Updated April 30th, 2024 at 18:48 IST

Aluminum industry earmarks $29 bn to meet India's carbon neutrality goal: Report

Report also acknowledges the current limitations of renewable energy availability, underscoring the need for a robust backup plan.

Reported by: Business Desk
Representative\Aluminum Chimneys | Image:Unsplash

Aluminium Industry: A recent study conducted by the Council on Energy, Environment, and Water (CEEW) has shed light on the significant capital expenditure required by the Indian aluminium industry to achieve net-zero carbon emissions. According to the findings, an estimated additional investment of nearly Rs 2.2 lakh crore ($29 billion) would be necessary for this monumental transition.

The study emphasises the pivotal role renewable energy sources could play in curbing emissions, with the potential to offset 49 per cent of the industry's total emissions. However, the report also acknowledges the current limitations of renewable energy availability, underscoring the need for a robust backup plan to navigate intermittency issues.


India has set ambitious targets, committing to achieving net-zero emissions by 2070 and aiming for 50 per cent cumulative electric power installed capacity from non-fossil fuel-based energy resources by 2030. Yet, such aspirations come with a hefty price tag. Transitioning the aluminium industry to net-zero emissions could escalate operational costs by 61 per cent, amounting to approximately Rs 26,049 crore ($3.5 billion) annually.

Despite India's relatively modest per capita aluminium consumption compared to global averages, the industry remains a significant emitter, spewing out 77 million metric tonnes of CO2 in 2019-20. Most emissions stem from electricity consumption within aluminium plants.


The study proposes various strategies to mitigate emissions, including enhancing energy efficiency in production processes and implementing waste heat recovery systems. However, avenues like increasing renewable energy adoption or carbon capture may elevate production costs further.
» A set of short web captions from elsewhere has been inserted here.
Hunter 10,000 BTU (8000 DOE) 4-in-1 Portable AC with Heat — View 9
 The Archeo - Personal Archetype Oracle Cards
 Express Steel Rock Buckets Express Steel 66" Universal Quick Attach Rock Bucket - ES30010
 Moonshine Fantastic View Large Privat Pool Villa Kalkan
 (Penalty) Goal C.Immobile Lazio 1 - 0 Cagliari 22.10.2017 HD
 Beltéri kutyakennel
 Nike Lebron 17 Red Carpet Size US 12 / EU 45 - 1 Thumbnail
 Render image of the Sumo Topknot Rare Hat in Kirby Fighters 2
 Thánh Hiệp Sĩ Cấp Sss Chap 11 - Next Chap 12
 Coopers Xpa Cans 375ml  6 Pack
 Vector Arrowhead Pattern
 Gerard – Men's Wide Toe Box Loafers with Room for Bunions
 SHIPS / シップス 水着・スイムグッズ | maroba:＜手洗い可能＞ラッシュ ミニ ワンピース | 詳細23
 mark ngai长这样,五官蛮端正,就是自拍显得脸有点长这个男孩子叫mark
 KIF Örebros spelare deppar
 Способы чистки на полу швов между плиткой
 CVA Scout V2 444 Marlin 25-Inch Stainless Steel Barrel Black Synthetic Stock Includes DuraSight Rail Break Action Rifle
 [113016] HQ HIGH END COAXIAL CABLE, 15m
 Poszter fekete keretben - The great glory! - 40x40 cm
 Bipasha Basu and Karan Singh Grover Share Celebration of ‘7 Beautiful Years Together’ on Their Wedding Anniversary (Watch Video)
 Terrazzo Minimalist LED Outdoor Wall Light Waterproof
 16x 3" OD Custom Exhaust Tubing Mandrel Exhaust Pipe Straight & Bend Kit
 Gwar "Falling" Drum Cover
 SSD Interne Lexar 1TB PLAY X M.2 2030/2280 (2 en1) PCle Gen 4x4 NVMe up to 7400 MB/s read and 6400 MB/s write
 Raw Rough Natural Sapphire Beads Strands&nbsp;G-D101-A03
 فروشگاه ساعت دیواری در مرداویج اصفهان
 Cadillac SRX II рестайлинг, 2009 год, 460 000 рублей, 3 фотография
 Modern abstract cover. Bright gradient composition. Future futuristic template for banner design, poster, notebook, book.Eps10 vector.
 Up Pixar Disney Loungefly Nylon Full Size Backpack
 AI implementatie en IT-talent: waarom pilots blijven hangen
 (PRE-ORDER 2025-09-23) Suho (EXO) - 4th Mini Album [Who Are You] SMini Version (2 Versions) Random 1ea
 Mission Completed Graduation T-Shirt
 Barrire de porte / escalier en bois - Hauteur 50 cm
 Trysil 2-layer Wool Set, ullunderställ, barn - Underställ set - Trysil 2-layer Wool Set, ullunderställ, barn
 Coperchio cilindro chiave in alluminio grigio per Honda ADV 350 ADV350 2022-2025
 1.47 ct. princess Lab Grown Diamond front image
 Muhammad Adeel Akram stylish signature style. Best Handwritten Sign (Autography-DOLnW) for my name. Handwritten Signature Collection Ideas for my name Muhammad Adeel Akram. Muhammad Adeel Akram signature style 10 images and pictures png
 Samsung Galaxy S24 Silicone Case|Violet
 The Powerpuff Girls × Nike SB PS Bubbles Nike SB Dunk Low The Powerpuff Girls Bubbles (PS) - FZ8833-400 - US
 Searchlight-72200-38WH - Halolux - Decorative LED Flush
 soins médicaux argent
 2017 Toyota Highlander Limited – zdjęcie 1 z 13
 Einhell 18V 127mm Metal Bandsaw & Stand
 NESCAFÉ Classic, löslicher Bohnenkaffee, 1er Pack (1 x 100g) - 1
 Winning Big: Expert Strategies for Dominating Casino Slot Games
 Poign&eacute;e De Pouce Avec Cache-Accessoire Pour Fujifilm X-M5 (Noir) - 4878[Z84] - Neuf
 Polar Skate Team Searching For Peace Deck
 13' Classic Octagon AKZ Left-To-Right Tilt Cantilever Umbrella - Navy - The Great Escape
In addition to the aluminium sector, CEEW also launched a study on decarbonising the fertiliser industry, another vital contributor to India's economic landscape. With ambitious targets and substantial capital requirements, the road to carbon neutrality for these industries necessitates robust government support and infrastructural development to realise India's climate goals. Hemant Mallya, a fellow at CEEW, underscores the imperative for collaboration across sectors to drive these transformative changes.